The “Science” of Judicial Selection

Realizing the extraordinary power of the federal judiciary to interpret our laws and enforce constitutional protections, the right has had its sights set on our courts for decades. Movement conservatives have engaged in a decades-long campaign to pack the courts with like-minded ideologues.

Over that time, conservative strategists have become experts in the art of navigating the judicial confirmation process, coaching their nominees to say as little as possible, spout carefully crafted talking points, and dodge any questions that might touch on substantive issues. These strategists have attempted to frame the issue so that senators might no longer feel comfortable probing the judicial philosophy of nominees, while simultaneously trying to convince large portions of the American public that the Senate’s only constitutional responsibility is to rubberstamp the sitting president’s appointments.

Today, an opinion piece in the New York Times took issue with the diminishing role that the Senate has played recently in the vetting of potential judges, particularly those who are nominated to sit on the Supreme Court. The editorial references a recent study which compared decisions made by nine Supreme Court justices to statements they made during their confirmation hearings.
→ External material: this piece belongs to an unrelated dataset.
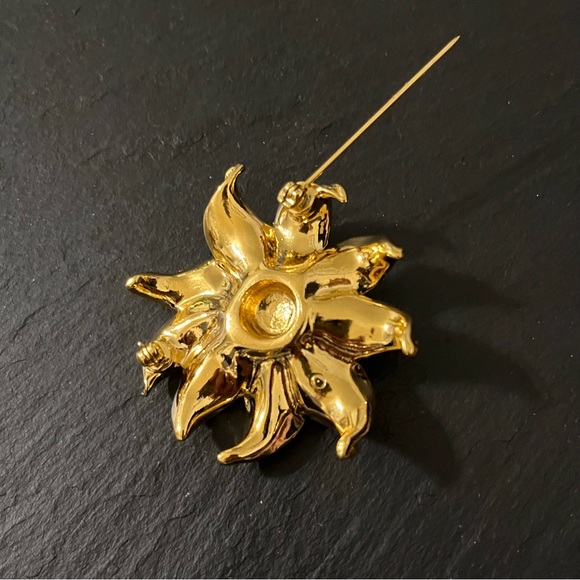 Big Avon Gold Tone Poinsettia Flower Faux Pearl Signed Brooch - Picture 10 of 10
According to “empirical evidence,” statements about a nominee’s judicial philosophy “provide very little information about future judicial behavior.” The study suggests that “inquiries into specific issue areas…may be…more informative.”

One of the most fascinating observations made in today’s piece involved Justice Antonin Scalia, who we recently criticized for telling a group of law students that “it is the duty of anyone going through a confirmation hearing…to answer as few questions as possible about how [they] would vote as a judge.” According to the study, Justices Scalia and Thomas, who both professed a deep respect for stare decisis – giving deference to prior decisions of the Court – during their confirmation hearings, turned out to be the two justices most likely to overturn previous court decisions. Despite the fact that during his hearings Justice Thomas said that “stare decisis provides continuity to our system [and]…is a very important and critical concept,” Justice Scalia has said that his colleague “doesn't believe in stare decisis, period.”
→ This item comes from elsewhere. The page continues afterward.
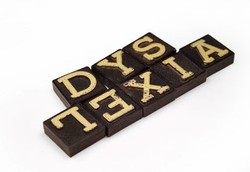 Desainer Grafis Temukan Huruf Baru untuk Penderita Disleksia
This disconnect between what nominees say during their confirmation hearings and how they act once seated, is something that Alliance for Justices has been concerned about for quite some time. In our films Quiet Revolution and Supreme Injustices, we examine the differences between the judicial temperaments displayed by nominees before the Senate versus how they acted once they were appointed to their seat.
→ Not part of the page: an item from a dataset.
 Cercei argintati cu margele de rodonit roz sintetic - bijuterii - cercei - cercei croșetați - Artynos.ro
This strategy of disguising one’s actual judicial philosophy by offering up vague assurances to the Senate is precisely why AFJ works so hard to research the judicial records of pending nominees. We have always argued that the best way to determine how a nominee will act in the future is to examine how he or she has acted in the past. As such, it is important that the Senate reassert its constitutional advice and consent role, and thoroughly scrutinize nominees’ records and views. After all, these individuals are nominated largely because of the beliefs they hold and ideology they espouse and the Senate as well as the American people have a right to know what those views are.